The desire for mankind to become more interconnected has posed a multitude of new legal issues that cross multiple jurisdictional boundaries. Internationally, cyber topics have gained notoriety as humanity has developed new technologies used in the cyber realm. The cyber world is rampant with reports of child pornography, human-trafficking, and child grooming. There are an abundance of computer crimes like purchasing anonymous credit cards, bank accounts, encrypted telephones, and false passports, or identify theft. And these are only increasing in frequency as humans become more technologically interconnected. Even more concerning to some is the threat of the takeover of information networks and computers through cyberspace to execute acts of terrorism.

The legality of many issues within cyberspace are undefined and uncertain when compared to other international legal practice areas. In fact, common definitions for many cyber terms are malleable like: cyber security, cybercrimes, cyber defense, cyberattacks, and cyber warfare. As this field develops, there have even been disagreements about the proper terms themselves. The biggest questions surround the lack of a unique international legal framework to identify what is and is not acceptable behavior in cyberspace.

The Tallinn Manual, written by a group of international experts, examines how international law applies to cyber conflicts and cyber warfare. The project was initiated by the NATO Cooperative Cyber Defence Centre of Excellence though it does not represent the views of the Centre, the sponsoring nations, or NATO. The Tallinn Manual focuses particularly on jus ad bellum and international humanitarian law. Jus ad bellum, the law of wars, are those ‘rules’ to consult before engaging in war, whereas international humanitarian law focuses on jus in bello, the limitations to acceptable wartime behavior. The scope of the Tallinn Manual also touches on related subjects such as the law of state sovereignty, and the law of sea within the context of cyber topics.
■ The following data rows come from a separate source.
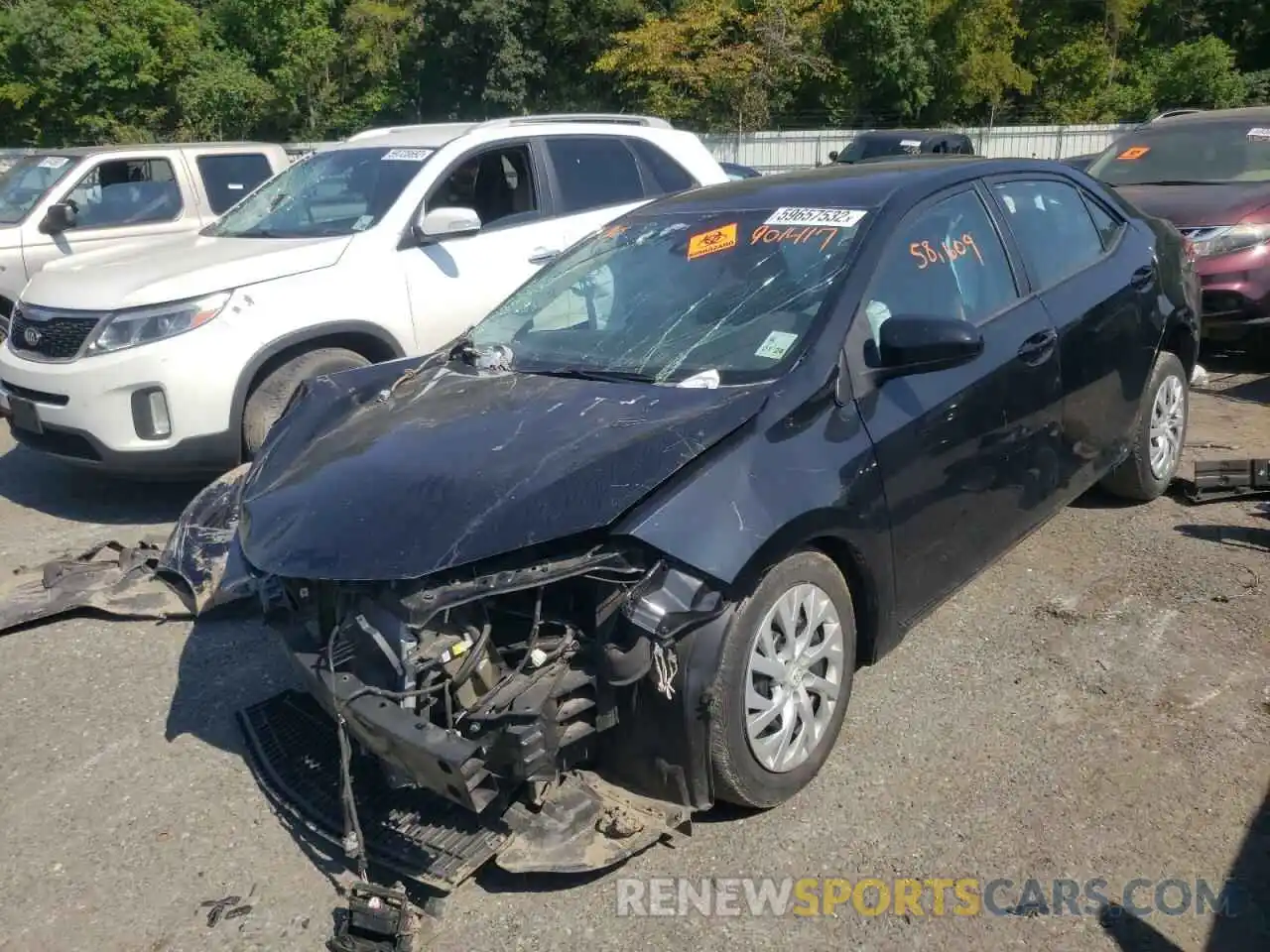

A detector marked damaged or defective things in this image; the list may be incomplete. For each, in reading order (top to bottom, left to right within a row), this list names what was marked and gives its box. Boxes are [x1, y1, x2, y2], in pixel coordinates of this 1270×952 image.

shattered windshield [0, 155, 79, 225]
shattered windshield [202, 148, 432, 242]
cracked windshield glass [202, 148, 432, 242]
shattered windshield [1086, 119, 1270, 183]
shattered windshield [467, 206, 873, 386]
cracked windshield glass [467, 207, 873, 388]
damaged front quarter panel [0, 459, 255, 635]
crushed front hood [241, 357, 767, 581]
damaged black sedan [0, 157, 1199, 893]
front bumper missing [238, 690, 696, 893]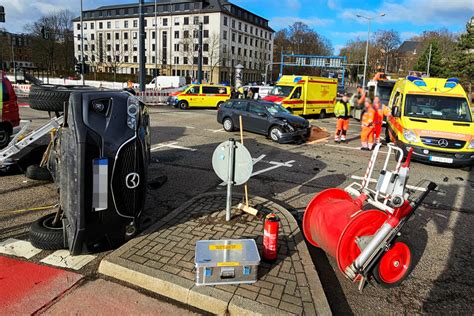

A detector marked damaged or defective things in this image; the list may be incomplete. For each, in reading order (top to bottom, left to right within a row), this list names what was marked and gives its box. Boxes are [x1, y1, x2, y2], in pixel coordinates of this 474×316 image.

The excitement for this practice area comes with the expected release of the Tallinn Manual 2.0. This second edition is planned to focus on providing guidance on applying existing international norms to the cyber context, similar to the first Tallinn Manual. However, it will expand the scope considered in the original Tallinn Manual and it will address cyber issues during peacetime international law. The focus here will be the challenges of daily cyber operations that do not rise to the level of armed attacks. It will touch on related subjects such as State responsibility, the law of the sea, international telecommunications law, space law, diplomatic and consular law, and human rights law within the context of cyber topics.

The Director of both editions is Professor Michael Schmitt, a Senior Fellow at the Centre, from the United States Naval War College in Newport, RI, and the University of Exeter in the United Kingdom. Professor Schmitt is an international law scholar, with a long list of accolades and contributions to international law.

The Tallinn Manual 2.0 is expected to be released in the latter part of 2016.